**Task objective**
Write down every entry below once more, exactly.

+--

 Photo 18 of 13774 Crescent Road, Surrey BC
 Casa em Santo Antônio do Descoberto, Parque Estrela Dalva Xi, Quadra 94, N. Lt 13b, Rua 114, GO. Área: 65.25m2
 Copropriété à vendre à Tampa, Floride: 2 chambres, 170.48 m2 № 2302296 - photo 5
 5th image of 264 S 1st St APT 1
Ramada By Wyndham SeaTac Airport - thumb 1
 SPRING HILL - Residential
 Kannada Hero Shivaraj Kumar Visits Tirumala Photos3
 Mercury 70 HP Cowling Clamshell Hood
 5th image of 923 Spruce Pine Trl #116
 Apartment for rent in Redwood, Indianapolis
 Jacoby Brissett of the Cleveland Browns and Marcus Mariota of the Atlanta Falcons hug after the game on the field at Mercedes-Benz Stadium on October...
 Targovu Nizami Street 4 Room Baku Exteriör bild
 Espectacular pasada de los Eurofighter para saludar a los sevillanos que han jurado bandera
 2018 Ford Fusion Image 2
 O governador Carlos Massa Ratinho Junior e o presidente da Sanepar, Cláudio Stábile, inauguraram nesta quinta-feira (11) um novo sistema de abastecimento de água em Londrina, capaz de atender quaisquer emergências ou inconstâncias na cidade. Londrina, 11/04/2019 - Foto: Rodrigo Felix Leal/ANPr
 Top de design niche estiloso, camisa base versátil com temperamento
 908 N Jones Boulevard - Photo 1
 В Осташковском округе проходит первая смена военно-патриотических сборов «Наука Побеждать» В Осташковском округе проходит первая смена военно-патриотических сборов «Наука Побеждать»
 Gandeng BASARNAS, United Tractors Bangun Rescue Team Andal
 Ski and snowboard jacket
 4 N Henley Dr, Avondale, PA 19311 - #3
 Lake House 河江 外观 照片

+--

**Written solution**
 Photo 18 of 13774 Crescent Road, Surrey BC
 Casa em Santo Antônio do Descoberto, Parque Estrela Dalva Xi, Quadra 94, N. Lt 13b, Rua 114, GO. Área: 65.25m2
 Copropriété à vendre à Tampa, Floride: 2 chambres, 170.48 m2 № 2302296 - photo 5
 5th image of 264 S 1st St APT 1
Ramada By Wyndham SeaTac Airport - thumb 1
 SPRING HILL - Residential
 Kannada Hero Shivaraj Kumar Visits Tirumala Photos3
 Mercury 70 HP Cowling Clamshell Hood
 5th image of 923 Spruce Pine Trl #116
 Apartment for rent in Redwood, Indianapolis
 Jacoby Brissett of the Cleveland Browns and Marcus Mariota of the Atlanta Falcons hug after the game on the field at Mercedes-Benz Stadium on October...
 Targovu Nizami Street 4 Room Baku Exteriör bild
 Espectacular pasada de los Eurofighter para saludar a los sevillanos que han jurado bandera
 2018 Ford Fusion Image 2
 O governador Carlos Massa Ratinho Junior e o presidente da Sanepar, Cláudio Stábile, inauguraram nesta quinta-feira (11) um novo sistema de abastecimento de água em Londrina, capaz de atender quaisquer emergências ou inconstâncias na cidade. Londrina, 11/04/2019 - Foto: Rodrigo Felix Leal/ANPr
 Top de design niche estiloso, camisa base versátil com temperamento
 908 N Jones Boulevard - Photo 1
 В Осташковском округе проходит первая смена военно-патриотических сборов «Наука Побеждать» В Осташковском округе проходит первая смена военно-патриотических сборов «Наука Побеждать»
 Gandeng BASARNAS, United Tractors Bangun Rescue Team Andal
 Ski and snowboard jacket
 4 N Henley Dr, Avondale, PA 19311 - #3
 Lake House 河江 外观 照片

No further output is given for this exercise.